# Tips to reignite, reenergize attraction with "thrifty threads"



## thread the needle (May 4, 2015)

I saved my 16 year marriage with a wide variety of strategies including "thrifty threads" 

http://talkaboutmarriage.com/genera...t-fell-back-love-saving-16-year-marriage.html

When I started working out more and eating better, I dropped nearly 3 inches from a tight 38 to a loose 36 off my waist, so I needed some clothes that fit better but I was not looking forward to spending all that money for new clothes. 

I was spouting off to a few coworkers that get most of their clothes from thrift shops so I gave it a try and hit the MOTHERLODE so often with unbelievable prices I turned it into a hobby. 

The clothes you wear is vital to reigniting the flames of attraction for many reasons, Your wife is sick of seeing you in the same old clothes, Old clothes are a reminder of the past including memories you might want to forget, Predictable dress is not mysterious and therefore uninteresting, Variety and newness is a spice and is fun. Looking your best is attractive and demonstrates self-respect and self-care. 

I have found an endless stream of brand new and mint condition brand names and countless items with so little evidence of wear as to be looking brand new for peanuts compared to retail. 

I have purchased jackets by Adidas, Reebok, Columbia, St Johns bay, Fila, Nike, Old Navy and many, many other brands that are stunning for 4 to 10 dollars in mint condition that retail for 25 to 250 dollars. 

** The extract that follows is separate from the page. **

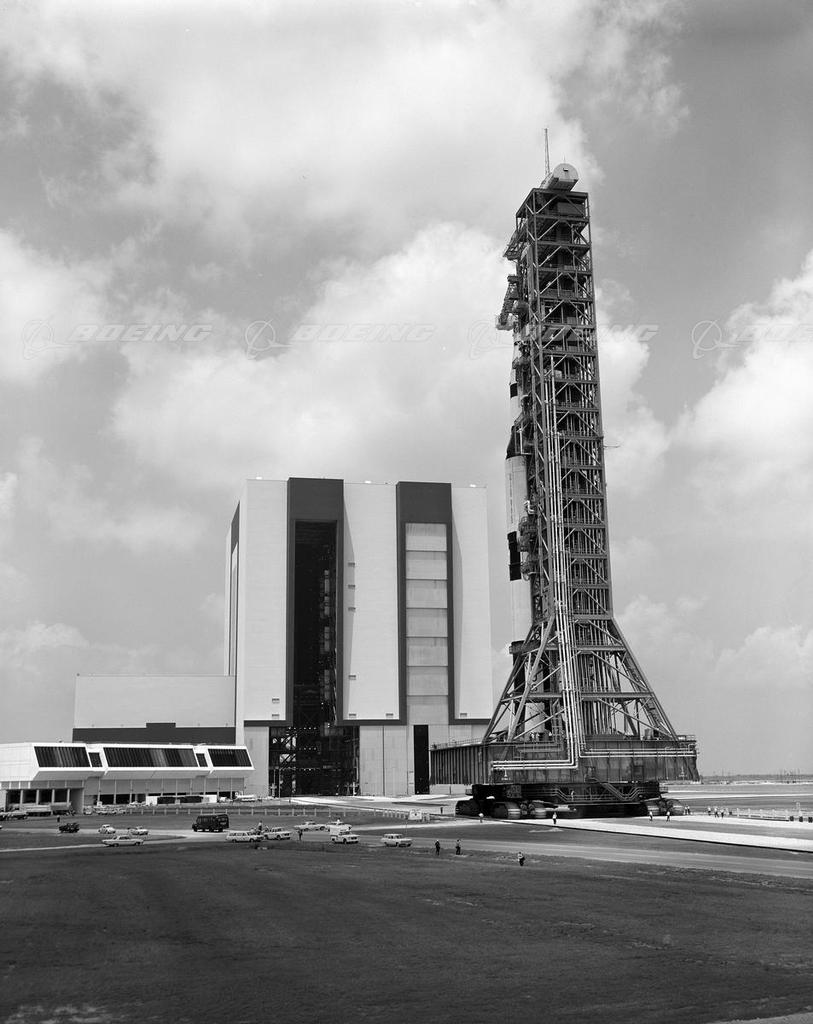 Boeing Images Saturn V Rocket on Giant Crawling Gantry at Cape Kennedy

I have found dozens and dozens of shirts, shorts, pants, hoodies that retail for $15 to $50 for $1 to $5

I have found 20 pairs of shoes, boots, athletic shoes and other footwear that retail for over $50 that I bought for $4 to $8

They also have some new items dirt cheap like belts, hats, socks, etc

My wife said she was tired of seeing me in blue all the time so I donated most of them and bought 15 other colors for about $35. 

I get compliments from her and many other people on my clothes and 90% came from thrift shops

Every girls crazy bout a sharp dressed man. 

Get rid of all the clothe your wife is bored seeing you wear and update your threads with thrift and you will find her jumping the reenergized, new and improved, variety you, you will feel a sense of enthusiasm sporting some new threads and others will notice you are taking better care of yourself which is also a chick magnate, compliment magnate and self-confidence booster that will get you treated with more respect by the public in your travels through your day.

I have a few rules that work for me

1. Always buy shirts and jackets with at least three colors instead of two or one for the sharpest look

2. Do not buy anything with a grey base color. Grey is only ok for highlight strip etc on a bolder color

3. Solid colors are pretty boring so they need to be extra sharp if you are to consider them

4. If it looks worn out at all don't get it

Thrift stores are also awesome for sports equipment, furnishings, knick knacks, office organization, electronic accessories, reading glasses

You may be surprised to find how eager your wife is to take off those new clothes that you put on because it's new, interesting, sharp, spicy for her seeing you looking good but it doesn't have to cost you more than about $15 a visit walking out with a bagful or two of awesome brand name, high quality, mint condition "thrifty threads" 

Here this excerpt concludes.